I think it’s true that declining to hand over a password in a criminal investigation is itself a criminal act in the UK. That said, I don’t know how often this actually occurs.

As an outsider, it seems to me (big talk on the Internet! Amazeballs) that UK laws are written to be illiberal and gradually watered down to an acceptable degree. I think that happened with RIPA and later with the whole nazi saluting dog mess. Whether they can survive the rise of free speech double talkers like Farage remains to be seen. But the Blair/Brown years made it clear that even supposedly intelligent middle of the road leadership is capable of imposing surprisingly illiberal legislation. I don’t much care for the Tories but I don’t think they have much interest in my personal life.

No, just the UK.

I actually think it might be worse.

You need to be able to hand over encryption keys too.

Claiming to not know them is also not allowed, whether you actually know them or not.

I am reasonably convinced that if you wipe the key slots on an encrypted drive but leave encrypted blocks around, they might be able to argue that you are obligates to store all the block keys for such an occasion. So using any kind of multi-tier encryption in the UK might be a massive liability unless you permanently store all the material required to derive any key that is used to encrypt anything.

This also probably has impact on TLS now that I think about it.

Now, real world criminal cases are likely to proceed differently than how they proceed in the mind of a programmer interpreting the law as a program. But, I am not too convinced such a farcical thing wouldn't happen, the UK government and police have engaged in much dumber things.

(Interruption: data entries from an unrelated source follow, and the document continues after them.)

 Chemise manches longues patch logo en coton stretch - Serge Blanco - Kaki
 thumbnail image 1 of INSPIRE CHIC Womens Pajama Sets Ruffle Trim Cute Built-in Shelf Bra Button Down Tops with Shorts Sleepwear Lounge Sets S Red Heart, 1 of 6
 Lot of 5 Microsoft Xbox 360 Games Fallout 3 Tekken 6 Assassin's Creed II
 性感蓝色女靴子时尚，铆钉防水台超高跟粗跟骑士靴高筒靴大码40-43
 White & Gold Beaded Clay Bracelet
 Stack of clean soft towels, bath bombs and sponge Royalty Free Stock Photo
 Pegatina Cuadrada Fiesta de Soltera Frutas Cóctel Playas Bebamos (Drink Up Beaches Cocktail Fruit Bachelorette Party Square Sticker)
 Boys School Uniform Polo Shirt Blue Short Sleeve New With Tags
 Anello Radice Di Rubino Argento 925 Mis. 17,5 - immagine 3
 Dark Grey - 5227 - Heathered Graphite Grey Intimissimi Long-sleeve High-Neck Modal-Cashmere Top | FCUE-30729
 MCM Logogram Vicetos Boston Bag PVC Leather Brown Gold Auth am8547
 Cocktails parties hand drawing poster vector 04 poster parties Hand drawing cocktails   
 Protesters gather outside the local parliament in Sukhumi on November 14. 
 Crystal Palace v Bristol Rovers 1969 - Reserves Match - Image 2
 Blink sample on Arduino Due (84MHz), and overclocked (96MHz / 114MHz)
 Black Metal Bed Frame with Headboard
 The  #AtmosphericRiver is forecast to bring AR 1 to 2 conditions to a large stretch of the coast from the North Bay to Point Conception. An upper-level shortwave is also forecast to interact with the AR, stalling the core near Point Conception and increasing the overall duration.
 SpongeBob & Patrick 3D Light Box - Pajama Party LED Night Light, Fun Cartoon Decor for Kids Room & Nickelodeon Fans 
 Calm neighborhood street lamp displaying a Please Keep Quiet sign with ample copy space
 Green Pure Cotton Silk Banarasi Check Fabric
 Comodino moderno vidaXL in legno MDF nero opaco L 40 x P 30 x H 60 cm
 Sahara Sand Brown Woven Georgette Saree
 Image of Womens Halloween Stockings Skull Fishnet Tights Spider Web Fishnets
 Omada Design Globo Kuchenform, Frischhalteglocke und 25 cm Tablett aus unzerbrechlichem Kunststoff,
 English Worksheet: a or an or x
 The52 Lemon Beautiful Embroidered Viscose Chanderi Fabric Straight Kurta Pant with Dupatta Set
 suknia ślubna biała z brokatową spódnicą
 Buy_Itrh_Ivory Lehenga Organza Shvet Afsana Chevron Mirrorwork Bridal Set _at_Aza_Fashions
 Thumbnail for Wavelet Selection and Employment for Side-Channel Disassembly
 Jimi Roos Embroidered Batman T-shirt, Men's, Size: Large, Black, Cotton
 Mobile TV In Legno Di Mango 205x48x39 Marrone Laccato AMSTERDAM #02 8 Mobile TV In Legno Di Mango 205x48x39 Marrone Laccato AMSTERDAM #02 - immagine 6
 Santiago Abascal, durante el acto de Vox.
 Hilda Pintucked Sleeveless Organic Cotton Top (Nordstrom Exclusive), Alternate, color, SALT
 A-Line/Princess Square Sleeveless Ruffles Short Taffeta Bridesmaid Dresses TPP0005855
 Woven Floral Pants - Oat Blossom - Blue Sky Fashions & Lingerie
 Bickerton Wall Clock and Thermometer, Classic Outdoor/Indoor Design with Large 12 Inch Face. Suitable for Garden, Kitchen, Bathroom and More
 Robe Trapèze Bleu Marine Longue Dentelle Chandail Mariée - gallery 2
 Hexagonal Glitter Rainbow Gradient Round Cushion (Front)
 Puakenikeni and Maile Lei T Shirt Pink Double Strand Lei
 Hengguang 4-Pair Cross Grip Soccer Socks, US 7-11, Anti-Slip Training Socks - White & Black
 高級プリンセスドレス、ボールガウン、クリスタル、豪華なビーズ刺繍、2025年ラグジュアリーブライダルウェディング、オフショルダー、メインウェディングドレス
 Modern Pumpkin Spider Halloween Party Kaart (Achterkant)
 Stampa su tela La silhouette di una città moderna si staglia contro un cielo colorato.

Now that I think about it, storing randomness on a disk could probably be used to incriminate you in case that disk was seized. Since the police wouldn't be able to tell if it wasn't encrypted data.

Did that happen? Did someone to go jail for not decrypting a TLS connection or a random data block?
Not yet, but for a long time nobody spent years in court because they were particularly rude to nobody in particular on the internet, and then it happened, and the law was there all along.